Why do we do that? We know exactly what we should do but for some reason, we do the exact opposite.
I pulled the third quote from a conversation I had with a very successful friend. When we talked, I gave her suggestions on how to speak up at meetings but I walked away feeling like we didn’t solve the deeper issue. Why didn’t she speak up if she knew it would help her career? And how could we change that moving forward?
I later learned that the decision to not speak up was a habit. At her last job, junior-staff were discouraged from speaking during meetings so she was struggling to break that habit in her new position. I do the same thing when I claim that I’d like to be healthier. I know that I need to cut sugars and eat more greens, but I don’t. As it turns out, that’s a habit too.
According to Dr. Judson Brewer; a psychiatrist and addiction expert, we all have triggers (like being stressed) that motivate a behavior (like eating a cookie), which results in a reward (a little sugar high and a diversion from dealing with the stress). This makes it so that next time we’re stressed, our brains remember that we can ease the stress by eating instead of directly dealing with the issue - and then we learn to repeat the cycle. Eventually, this becomes a habit.
So what’s the solution?
In this Ted Talk, Brewer explains that forcing ourselves to change a habit doesn’t actually work. Instead, he encourages us to get curious and observe our actions in our moments of weakness. This is a mindful approach to dealing with the behaviors we want to change. Getting curious about the cycles we put ourselves in takes us from theoretically knowing that something is bad for us, to changing that behavior for good.
I'll be honest, I first rolled my eyes when I heard about the mindful approach to changing habits (because #PopPsychology) but the more I read more about it, the more curious I became. In one study, twice as many smokers stopped smoking when using a mindfulness approach compared to those using traditional approaches. So in the name of science - and being candid, I am going to try that approach this week and report back on whether mindfulness actually breaks the habit of eating unhealthy foods during moments of stress.
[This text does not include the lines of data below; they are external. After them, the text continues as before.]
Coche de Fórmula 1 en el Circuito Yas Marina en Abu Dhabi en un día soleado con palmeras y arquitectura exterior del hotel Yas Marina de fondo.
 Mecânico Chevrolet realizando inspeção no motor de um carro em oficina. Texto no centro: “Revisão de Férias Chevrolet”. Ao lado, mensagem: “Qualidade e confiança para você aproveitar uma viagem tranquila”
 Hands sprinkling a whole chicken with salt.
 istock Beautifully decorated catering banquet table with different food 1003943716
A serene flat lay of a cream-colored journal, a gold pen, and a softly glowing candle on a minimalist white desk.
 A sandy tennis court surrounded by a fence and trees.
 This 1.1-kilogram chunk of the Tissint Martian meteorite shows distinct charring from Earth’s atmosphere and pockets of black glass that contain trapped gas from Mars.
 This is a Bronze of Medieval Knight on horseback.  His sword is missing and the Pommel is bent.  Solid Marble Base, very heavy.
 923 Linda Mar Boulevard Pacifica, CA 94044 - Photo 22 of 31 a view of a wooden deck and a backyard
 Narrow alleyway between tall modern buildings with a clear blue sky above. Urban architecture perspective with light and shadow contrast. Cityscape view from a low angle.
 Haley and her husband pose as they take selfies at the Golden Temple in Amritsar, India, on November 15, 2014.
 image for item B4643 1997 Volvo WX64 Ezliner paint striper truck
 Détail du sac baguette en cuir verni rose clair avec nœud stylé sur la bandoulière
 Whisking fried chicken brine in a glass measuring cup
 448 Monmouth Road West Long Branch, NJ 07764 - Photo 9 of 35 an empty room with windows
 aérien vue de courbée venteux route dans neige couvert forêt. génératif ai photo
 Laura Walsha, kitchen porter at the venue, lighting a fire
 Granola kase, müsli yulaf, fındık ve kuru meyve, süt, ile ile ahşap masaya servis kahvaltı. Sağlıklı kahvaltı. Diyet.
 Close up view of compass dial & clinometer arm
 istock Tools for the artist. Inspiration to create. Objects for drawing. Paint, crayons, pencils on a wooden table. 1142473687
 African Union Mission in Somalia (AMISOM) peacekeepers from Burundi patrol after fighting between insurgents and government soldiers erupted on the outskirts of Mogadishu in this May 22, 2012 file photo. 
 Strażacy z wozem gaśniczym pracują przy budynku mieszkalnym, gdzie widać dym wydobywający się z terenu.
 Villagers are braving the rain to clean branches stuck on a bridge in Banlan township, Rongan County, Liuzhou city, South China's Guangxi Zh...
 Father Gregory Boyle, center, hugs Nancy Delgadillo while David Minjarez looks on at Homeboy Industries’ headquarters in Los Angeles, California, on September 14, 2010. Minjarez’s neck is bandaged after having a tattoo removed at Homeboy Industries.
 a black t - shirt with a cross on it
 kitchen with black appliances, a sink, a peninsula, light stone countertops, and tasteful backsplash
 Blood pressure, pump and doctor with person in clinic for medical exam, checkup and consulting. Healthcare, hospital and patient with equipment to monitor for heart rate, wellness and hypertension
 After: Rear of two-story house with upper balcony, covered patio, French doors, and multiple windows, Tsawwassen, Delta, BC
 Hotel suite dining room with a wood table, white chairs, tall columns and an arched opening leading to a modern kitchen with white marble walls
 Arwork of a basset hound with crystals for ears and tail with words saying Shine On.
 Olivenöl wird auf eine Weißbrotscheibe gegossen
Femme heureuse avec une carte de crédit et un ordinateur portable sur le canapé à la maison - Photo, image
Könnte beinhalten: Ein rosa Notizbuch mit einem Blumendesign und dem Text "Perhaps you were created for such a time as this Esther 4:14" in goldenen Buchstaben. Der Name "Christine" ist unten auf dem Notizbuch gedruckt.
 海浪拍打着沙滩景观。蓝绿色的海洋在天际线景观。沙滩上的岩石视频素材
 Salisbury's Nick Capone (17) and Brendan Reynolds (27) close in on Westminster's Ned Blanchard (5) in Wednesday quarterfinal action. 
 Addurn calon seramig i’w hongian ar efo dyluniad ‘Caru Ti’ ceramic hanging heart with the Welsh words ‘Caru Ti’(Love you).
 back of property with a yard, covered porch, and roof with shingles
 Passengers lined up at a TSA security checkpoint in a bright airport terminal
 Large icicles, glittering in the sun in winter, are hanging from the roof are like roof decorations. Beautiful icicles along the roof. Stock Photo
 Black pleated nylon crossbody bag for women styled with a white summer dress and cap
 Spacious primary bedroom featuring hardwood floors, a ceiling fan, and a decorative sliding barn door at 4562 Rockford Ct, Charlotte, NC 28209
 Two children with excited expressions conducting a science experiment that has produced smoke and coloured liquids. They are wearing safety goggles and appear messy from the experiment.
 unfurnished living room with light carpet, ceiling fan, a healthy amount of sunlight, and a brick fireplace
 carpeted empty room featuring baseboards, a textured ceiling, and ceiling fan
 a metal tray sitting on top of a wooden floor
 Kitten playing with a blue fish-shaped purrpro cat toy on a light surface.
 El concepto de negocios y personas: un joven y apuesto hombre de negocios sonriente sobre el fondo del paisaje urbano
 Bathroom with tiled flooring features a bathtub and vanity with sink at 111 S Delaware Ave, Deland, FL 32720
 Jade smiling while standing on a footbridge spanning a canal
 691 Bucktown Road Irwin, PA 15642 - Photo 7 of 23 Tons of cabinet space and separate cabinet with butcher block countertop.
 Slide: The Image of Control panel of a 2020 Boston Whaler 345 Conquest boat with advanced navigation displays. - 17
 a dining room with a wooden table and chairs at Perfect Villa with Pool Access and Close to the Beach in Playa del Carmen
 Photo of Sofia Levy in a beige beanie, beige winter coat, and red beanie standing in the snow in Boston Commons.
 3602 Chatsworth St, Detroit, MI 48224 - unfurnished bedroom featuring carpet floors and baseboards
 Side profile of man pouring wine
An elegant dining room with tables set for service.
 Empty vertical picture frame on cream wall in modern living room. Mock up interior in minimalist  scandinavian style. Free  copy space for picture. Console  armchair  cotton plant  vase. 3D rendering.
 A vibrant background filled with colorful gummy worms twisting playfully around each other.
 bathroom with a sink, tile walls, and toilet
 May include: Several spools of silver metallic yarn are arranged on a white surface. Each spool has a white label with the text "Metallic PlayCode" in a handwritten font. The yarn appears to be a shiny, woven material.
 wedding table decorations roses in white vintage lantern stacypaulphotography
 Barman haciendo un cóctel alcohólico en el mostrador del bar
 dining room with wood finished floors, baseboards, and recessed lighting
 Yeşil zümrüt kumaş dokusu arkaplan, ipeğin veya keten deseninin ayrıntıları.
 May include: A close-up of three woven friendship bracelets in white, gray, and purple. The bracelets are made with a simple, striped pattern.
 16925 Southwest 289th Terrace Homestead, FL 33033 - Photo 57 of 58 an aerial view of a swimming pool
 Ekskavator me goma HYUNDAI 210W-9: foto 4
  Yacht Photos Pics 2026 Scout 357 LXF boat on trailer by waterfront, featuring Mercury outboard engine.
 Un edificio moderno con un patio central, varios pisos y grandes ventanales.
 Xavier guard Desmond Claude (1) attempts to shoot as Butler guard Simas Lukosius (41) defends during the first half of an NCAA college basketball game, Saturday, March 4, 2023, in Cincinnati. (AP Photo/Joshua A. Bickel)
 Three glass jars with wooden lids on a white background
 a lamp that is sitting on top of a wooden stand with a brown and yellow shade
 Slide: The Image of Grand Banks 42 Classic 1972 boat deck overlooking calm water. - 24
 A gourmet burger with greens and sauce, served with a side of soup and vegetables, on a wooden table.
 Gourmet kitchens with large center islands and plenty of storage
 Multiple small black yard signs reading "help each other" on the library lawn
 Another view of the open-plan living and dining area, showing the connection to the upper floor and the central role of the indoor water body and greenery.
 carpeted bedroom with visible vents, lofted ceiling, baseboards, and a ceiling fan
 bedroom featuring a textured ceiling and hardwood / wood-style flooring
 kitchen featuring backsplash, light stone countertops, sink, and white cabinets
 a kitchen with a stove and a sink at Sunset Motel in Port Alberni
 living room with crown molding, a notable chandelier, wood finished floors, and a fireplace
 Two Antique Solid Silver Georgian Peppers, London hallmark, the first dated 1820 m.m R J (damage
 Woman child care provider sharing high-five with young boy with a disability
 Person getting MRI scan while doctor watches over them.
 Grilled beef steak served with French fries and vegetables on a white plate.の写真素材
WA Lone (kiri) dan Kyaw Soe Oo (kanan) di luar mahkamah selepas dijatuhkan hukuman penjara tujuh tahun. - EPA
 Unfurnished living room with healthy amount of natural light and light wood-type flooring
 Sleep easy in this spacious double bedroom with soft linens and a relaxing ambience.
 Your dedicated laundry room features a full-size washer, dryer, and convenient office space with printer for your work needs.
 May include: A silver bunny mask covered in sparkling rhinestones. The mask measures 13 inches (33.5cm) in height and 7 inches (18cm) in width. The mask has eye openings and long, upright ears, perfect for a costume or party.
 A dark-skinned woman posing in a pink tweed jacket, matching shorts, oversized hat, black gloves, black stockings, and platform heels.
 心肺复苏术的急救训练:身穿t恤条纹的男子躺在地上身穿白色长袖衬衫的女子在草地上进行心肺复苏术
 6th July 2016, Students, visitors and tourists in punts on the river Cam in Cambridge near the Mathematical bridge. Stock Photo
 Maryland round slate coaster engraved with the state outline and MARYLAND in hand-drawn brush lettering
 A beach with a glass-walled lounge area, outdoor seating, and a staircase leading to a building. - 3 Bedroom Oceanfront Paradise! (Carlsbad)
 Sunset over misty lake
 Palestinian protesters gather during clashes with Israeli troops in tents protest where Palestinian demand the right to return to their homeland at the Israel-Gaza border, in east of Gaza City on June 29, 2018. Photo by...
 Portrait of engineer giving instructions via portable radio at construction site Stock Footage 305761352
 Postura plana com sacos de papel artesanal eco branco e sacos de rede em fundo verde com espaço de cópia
Check back with me on Friday, I’ll give you a run-down on how this worked for me. Until then, this is our little experiment.
If you have a habit you’d like to change, why don’t you try this with me? All you have to do is be curious about your action the next time you decide to spend your last dollar on a sale item or eat the cookie or sit silently in a meeting (or whatever your bad habit is). Instead of getting mad at yourself for your action (or inaction), you simply observe what is happening and how it feels. The idea is that eventually, the behavior simply stops being an appealing response to the trigger because you are operating from a mindful place.